ACTIVITY
From the line containing "Vászonkép 140x70 Medve és absztrakt város" to the end of the entries, return every line exactly, both ends included, and add nothing.

======== AVAILABLE DATA ========

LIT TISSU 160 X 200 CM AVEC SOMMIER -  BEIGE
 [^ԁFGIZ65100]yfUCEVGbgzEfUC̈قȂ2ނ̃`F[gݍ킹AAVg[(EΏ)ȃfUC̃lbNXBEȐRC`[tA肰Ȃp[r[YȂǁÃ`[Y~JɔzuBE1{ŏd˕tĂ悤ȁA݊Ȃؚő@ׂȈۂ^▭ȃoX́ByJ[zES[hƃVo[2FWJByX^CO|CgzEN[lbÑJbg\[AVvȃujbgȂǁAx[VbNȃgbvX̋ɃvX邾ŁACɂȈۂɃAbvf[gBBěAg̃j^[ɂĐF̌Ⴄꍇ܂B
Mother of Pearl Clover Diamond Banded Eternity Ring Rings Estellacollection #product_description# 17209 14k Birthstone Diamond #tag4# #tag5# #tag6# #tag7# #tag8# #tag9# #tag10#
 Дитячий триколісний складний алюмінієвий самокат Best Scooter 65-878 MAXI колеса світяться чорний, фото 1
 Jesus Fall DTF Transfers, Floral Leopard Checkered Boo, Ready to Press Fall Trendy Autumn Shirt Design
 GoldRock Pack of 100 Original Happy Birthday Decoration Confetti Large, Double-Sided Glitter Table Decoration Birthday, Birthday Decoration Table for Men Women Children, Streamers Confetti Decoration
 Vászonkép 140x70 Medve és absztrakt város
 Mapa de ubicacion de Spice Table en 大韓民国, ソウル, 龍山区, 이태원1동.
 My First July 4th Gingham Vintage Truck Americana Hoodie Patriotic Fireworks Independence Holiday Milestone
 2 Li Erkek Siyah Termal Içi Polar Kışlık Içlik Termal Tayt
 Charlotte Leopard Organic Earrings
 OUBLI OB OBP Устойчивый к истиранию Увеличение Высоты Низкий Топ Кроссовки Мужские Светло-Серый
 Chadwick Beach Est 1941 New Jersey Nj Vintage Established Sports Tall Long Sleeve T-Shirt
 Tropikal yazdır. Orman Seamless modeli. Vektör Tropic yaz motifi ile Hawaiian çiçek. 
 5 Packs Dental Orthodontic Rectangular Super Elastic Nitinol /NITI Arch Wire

========

YOUR SOLUTION
 Vászonkép 140x70 Medve és absztrakt város
 Mapa de ubicacion de Spice Table en 大韓民国, ソウル, 龍山区, 이태원1동.
 My First July 4th Gingham Vintage Truck Americana Hoodie Patriotic Fireworks Independence Holiday Milestone
 2 Li Erkek Siyah Termal Içi Polar Kışlık Içlik Termal Tayt
 Charlotte Leopard Organic Earrings
 OUBLI OB OBP Устойчивый к истиранию Увеличение Высоты Низкий Топ Кроссовки Мужские Светло-Серый
 Chadwick Beach Est 1941 New Jersey Nj Vintage Established Sports Tall Long Sleeve T-Shirt
 Tropikal yazdır. Orman Seamless modeli. Vektör Tropic yaz motifi ile Hawaiian çiçek. 
 5 Packs Dental Orthodontic Rectangular Super Elastic Nitinol /NITI Arch Wire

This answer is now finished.